Last week, we warned that dollar’s downside correction to its two-month advance was not over. It slipped further against the euro, yen, and sterling, while it strengthened against the dollar-bloc currencies. The outlook remains mixed for the week ahead, making it difficult to discuss the dollar in general.
The Dollar Index is heavily weighted toward the complex of European currencies. Two of the US main trading partners, China and Mexico, are not even included, yet are frequently used as a broad gauge for the greenback. The recent dollar pullback saw it push through the 38.2% retracement of the rally (93.55) that began from the year’s low set on September 8 (~91.00).
The Dollar Index finished the week marginally above the 100-day moving average (~93.65). The lower Bollinger Band is found near 93.50. The technical indicators on the daily bar charts still warn of downside risks, and the five-day moving average has fallen below the 20-day for the first time since late September. The 50% retracement is seen near 93.10. The weekly technical studies lend support to our view that the pullback is corrective in nature.

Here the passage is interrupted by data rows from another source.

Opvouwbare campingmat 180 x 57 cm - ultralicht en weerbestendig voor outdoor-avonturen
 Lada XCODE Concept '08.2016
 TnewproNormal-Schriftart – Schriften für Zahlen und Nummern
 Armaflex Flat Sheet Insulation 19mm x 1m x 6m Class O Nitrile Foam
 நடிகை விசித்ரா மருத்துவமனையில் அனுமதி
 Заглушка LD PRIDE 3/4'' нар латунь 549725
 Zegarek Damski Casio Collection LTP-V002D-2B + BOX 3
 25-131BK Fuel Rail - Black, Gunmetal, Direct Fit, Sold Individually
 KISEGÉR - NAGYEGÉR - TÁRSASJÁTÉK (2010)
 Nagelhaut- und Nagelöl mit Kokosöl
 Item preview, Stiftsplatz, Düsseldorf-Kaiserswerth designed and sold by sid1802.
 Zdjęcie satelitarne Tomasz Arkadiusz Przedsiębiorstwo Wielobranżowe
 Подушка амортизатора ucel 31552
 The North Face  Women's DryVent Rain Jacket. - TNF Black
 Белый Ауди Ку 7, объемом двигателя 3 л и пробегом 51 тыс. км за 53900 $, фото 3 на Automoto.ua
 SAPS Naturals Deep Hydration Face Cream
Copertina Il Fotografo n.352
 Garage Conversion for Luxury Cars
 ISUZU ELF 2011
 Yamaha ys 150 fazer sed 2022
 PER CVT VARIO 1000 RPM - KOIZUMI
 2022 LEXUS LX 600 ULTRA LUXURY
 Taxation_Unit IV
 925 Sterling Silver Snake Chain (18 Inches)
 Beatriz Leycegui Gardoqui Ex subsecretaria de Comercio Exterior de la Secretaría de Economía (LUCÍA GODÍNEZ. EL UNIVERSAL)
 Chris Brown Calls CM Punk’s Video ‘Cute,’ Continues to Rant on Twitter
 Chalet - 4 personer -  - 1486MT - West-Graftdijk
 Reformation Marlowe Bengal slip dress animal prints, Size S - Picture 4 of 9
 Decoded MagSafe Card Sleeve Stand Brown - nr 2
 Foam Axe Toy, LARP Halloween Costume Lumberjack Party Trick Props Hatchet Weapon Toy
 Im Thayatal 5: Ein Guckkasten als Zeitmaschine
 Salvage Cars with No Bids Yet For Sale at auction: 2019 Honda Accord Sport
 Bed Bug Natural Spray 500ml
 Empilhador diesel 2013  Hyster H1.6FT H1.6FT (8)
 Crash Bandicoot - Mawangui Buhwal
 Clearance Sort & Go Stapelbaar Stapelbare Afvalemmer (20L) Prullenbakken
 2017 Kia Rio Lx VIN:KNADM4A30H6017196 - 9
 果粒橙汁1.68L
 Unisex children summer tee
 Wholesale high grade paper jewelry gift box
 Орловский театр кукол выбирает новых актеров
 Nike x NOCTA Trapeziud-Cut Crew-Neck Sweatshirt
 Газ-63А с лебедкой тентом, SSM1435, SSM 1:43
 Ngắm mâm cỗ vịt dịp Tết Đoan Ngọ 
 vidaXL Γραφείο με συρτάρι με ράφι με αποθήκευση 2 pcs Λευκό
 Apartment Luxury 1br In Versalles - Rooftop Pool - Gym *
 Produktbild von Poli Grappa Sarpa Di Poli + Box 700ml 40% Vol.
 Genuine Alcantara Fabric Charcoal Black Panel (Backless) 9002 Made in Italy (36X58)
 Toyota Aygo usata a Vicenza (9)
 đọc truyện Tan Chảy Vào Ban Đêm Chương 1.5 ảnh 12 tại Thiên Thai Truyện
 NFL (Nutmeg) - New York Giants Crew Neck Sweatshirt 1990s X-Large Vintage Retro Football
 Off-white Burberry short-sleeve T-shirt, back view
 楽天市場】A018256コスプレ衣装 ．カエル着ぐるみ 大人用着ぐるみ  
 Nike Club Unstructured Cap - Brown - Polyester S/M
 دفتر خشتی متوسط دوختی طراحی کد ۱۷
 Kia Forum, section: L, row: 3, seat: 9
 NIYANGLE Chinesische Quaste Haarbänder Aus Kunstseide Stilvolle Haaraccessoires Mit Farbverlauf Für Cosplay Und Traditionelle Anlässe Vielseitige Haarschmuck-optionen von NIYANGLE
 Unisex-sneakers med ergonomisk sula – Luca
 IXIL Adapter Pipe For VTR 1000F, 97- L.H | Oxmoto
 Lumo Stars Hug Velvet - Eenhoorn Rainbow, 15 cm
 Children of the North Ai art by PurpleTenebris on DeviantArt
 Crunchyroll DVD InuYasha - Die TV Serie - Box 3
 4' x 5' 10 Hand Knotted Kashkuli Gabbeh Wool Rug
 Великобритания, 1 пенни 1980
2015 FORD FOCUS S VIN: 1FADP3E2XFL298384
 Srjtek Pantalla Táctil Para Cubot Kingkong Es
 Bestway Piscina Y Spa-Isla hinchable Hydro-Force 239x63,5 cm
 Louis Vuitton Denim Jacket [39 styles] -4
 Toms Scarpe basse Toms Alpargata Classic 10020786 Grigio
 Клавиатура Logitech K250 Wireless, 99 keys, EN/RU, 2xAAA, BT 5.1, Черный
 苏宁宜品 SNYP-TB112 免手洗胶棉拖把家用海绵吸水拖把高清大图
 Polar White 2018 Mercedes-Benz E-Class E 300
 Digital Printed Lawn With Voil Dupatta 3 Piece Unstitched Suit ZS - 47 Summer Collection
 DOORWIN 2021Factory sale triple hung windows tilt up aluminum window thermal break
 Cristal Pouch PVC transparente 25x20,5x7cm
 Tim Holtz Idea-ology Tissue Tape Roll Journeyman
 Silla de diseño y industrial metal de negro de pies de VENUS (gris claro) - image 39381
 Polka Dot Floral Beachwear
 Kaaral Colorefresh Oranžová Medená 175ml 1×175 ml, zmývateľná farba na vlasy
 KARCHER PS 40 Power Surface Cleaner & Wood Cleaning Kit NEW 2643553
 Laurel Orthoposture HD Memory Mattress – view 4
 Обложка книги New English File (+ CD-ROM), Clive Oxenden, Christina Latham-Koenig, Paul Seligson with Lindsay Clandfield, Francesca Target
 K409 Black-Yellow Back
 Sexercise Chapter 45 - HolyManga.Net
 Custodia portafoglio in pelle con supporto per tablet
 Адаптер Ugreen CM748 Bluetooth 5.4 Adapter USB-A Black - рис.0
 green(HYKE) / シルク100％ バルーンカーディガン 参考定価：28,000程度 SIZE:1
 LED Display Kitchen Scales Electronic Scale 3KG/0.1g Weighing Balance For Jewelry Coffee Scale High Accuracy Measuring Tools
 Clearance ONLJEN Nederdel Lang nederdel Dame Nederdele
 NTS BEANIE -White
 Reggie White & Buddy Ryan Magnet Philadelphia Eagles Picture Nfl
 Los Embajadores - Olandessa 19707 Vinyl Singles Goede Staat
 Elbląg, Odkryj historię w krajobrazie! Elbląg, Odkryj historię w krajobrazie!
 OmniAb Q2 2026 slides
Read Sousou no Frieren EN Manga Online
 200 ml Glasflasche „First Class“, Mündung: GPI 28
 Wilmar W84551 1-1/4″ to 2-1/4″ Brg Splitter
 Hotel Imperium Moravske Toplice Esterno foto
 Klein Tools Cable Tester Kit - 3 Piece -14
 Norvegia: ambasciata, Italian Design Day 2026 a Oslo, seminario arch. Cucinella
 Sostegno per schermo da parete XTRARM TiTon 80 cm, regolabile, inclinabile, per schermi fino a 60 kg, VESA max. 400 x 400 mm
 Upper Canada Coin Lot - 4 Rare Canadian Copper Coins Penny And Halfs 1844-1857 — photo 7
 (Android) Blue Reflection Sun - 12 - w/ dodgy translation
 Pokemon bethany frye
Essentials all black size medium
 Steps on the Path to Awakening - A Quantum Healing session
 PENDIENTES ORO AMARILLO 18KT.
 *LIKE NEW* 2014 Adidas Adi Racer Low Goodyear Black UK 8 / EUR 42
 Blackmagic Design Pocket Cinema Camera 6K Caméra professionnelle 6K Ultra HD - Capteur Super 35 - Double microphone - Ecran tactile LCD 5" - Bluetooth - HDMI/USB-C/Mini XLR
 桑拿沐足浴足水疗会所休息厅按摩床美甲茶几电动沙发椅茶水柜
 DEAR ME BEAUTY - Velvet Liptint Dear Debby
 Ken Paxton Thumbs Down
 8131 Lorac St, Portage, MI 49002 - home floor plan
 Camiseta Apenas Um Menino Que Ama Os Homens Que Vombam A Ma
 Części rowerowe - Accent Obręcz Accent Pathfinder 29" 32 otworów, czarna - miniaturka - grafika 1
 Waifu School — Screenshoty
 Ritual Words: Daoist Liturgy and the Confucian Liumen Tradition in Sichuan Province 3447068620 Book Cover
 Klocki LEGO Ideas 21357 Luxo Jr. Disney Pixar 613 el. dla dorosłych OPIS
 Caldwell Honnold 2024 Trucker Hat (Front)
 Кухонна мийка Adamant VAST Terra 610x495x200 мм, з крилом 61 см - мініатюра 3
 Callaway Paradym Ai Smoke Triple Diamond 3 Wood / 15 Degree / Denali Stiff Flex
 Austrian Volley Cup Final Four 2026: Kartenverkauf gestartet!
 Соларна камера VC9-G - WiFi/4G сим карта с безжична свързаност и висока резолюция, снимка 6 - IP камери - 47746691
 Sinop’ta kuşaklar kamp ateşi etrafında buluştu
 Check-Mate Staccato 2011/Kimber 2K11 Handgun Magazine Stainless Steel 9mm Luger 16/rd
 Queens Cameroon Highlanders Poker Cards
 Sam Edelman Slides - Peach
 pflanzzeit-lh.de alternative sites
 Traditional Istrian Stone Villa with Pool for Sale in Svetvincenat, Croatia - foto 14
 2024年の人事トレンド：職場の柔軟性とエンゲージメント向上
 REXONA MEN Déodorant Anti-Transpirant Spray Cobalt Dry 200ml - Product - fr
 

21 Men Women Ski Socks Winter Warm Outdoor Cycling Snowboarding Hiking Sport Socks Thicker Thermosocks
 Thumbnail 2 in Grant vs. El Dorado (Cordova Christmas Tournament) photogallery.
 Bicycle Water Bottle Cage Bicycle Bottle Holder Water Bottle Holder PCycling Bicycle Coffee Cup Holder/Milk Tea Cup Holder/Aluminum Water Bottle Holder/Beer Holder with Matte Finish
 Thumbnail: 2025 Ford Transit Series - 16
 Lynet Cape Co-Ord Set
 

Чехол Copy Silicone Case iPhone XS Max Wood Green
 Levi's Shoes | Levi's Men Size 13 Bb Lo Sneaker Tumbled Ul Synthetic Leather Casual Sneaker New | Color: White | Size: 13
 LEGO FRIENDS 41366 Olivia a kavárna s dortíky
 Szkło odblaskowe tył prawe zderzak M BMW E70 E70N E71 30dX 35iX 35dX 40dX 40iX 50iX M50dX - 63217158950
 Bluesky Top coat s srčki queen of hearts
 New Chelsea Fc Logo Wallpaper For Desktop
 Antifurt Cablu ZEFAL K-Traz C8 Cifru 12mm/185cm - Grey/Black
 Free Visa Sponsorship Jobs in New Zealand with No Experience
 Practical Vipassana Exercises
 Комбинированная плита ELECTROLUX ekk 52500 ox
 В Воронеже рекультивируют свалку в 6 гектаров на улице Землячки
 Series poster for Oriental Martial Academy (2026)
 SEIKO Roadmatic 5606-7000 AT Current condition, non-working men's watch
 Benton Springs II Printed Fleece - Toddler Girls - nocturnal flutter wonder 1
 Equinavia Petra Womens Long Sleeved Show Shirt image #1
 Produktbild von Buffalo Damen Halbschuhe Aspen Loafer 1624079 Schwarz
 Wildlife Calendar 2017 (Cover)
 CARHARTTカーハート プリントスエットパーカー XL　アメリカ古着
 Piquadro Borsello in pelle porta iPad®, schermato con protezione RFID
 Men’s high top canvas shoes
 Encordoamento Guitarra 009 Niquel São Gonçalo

In the middle of last week, the euro climbed to approach the $1.1860-$1.1885 area, which corresponds with retracement objectives. Also, important is that area marks the October high that was also part of a larger topping pattern. Following the mid-week reversal (shooting star candlestick) the euro had a shallow pullback, finding support at near the five-day moving average, which it has not closed below since November 8. A move below that moving average (~$1.1765) could be among the first signs to confirm that a near-term high is in place. The upper Bollinger Band is near $1.1835. The US two-year premium continuing to trend higher against Germany, which was not the case during the late April through early September euro rally, and this makes us hesitant about getting enamored with the euro.